These names are essentially the same concept, but at different levels of implementation:
- A pyramid is a feature of a single image, using ~33% more storage (a finite series of 25% smaller images) to capture multiple levels of resampling in a preprocessing step, so an image at a certain pixel size can be generated quickly.
- An overview is a resampled mosaic of images, preprocessing a collection of image tiles for export at targeted scales. The Image Server Extension of ArcGIS Server can serve overviews directly as an image service
- A map service cache is an image archive of pre-rendered maps, which may be just a collection of images, or a catalog or mosaic of images, or a combination of those mapping elements with additional symbolized vector data.

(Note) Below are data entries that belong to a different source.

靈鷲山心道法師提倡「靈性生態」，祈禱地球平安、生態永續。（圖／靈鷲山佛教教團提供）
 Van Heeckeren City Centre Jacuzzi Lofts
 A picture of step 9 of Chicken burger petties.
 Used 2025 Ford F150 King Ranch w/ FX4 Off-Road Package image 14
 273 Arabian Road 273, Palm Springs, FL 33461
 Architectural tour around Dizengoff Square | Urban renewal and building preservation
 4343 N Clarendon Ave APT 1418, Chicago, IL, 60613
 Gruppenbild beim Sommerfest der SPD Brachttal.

Performance is usually dependent on the level of effort a server must expend to respond to a request, where effort is measured in both I/O and CPU. A map service dependent on live queries from a simple catalog without pyramids would require the most effort (heavy load in both I/O and CPU), while a basemap image service can be very fast, or merely fast if it is configured to perform analysis on the fly (e.g., hillshade on a DEM overview). Map service caches generally require the least effort to serve, but only because every possible tile has been pre-rendered and stored in a compressed archive for optimal retrieval.
There are so many options because there are many ways of managing imagery, so if the execution time for using one caching technique exceeds the time between image snapshots, you can use a different technique which results in less overall work.